J$\heartsuit$ J$\clubsuit$ 4$\spadesuit$ 4$\diamondsuit$ 4$\heartsuit$

My attempt at solving this:

First I choose two cards with the same number from two different suits.

$\dbinom{13}{1} * \dbinom{4}{2}$

Then I choose two cards with the same number but not the one from the first two and two different suits.

$\dbinom{12}{1} * \dbinom{4}{2}$

Finally I choose the last card which can be anything.

$\dbinom{13}{1} * \dbinom{4}{1}$

So the total number of hands would be: $\dbinom{13}{1} * \dbinom{4}{2} * \dbinom{12}{1} * \dbinom{4}{2} * \dbinom{13}{1} * \dbinom{4}{1}$

Is this correct? If not then could you correct the part where I am wrong?

Thanks!

Answer 1

From the comments, it seems that you are allowing only hands of the $3$-$2$ type, commonly called Full House, and hands of the $2$-$2$-$1$ type, commonly called Two Pairs.

Full House: The kind we have $3$ of can be chosen in $\binom{13}{1}$ ways. For each such way, the actual $3$ cards can be chosen in $\binom{4}{3}$ ways. for every way of doing these things, there are $\binom{12}{1}$ ways of choosing the kind we have $2$ of, and then $\binom{4}{2}$ ways to choose the $2$ cards, for a total of $\binom{13}{1}\binom{4}{3}\binom{12}{1}\binom{4}{2}$.

Two Pairs: This one is tricky, it is all too easy to double count. The two kinds we have $2$ each of can be chosen in $\binom{13}{2}$ ways. For each of thse ways, the $2$ cards of the higher-ranking kind can be chosen in $\binom{4}{2}$ ways, and for each of these ways the cards of the other kind can be chosen in $\binom{4}{2}$ ways. Finally, after all this has been done, the "junk" card can be chosen in $\binom{44}{1}$ ways, for a total of $\binom{13}{2}\binom{4}{2}\binom{4}{2}\binom{44}{1}$.

Finally, add the two numbers obtained above.

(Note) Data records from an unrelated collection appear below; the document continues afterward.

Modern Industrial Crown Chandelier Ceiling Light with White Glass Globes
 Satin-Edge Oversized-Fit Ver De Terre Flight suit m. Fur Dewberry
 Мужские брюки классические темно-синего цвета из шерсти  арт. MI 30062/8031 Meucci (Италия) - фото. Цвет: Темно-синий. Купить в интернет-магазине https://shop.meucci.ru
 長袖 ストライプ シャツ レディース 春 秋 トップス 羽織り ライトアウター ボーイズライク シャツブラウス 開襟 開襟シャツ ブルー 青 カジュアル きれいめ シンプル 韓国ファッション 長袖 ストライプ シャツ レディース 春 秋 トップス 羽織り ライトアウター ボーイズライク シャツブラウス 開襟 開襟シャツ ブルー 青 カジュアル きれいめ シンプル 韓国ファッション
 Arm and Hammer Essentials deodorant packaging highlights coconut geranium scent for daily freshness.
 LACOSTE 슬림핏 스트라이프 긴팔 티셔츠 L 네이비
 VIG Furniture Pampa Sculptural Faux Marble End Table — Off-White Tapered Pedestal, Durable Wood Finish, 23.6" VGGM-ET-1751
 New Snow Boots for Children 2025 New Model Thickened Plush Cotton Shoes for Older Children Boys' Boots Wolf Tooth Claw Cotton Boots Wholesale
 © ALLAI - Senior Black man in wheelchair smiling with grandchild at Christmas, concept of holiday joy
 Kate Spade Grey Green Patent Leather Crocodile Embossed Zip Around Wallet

Remark: Your calculation does multiple counting in various ways. For example, consider the hand $\spadesuit$ K, $\heartsuit$ K, $\diamondsuit$ $7$, $\clubsuit$ $7$, $\heartsuit$ Q. This has been double-counted, for you have counted as different the choice $\diamondsuit$ $7$, $\clubsuit$ $7$, $\spadesuit$ K, $\heartsuit$ K, $\heartsuit$ Q. This is because your first choice of kind, among the $\binom{13}{1}$ could have been K, and your second choice among the $\binom{12}{1}$ could have been $7$, or the other way around. But these give the same hand,

Counting in a way that avoids multiple counting can be initially quite tricky. We naturally think in terms of doing things sequentially, "first" then "second." we have to be careful to make sure that different choices of "first" and "second" do not yield the same final hand.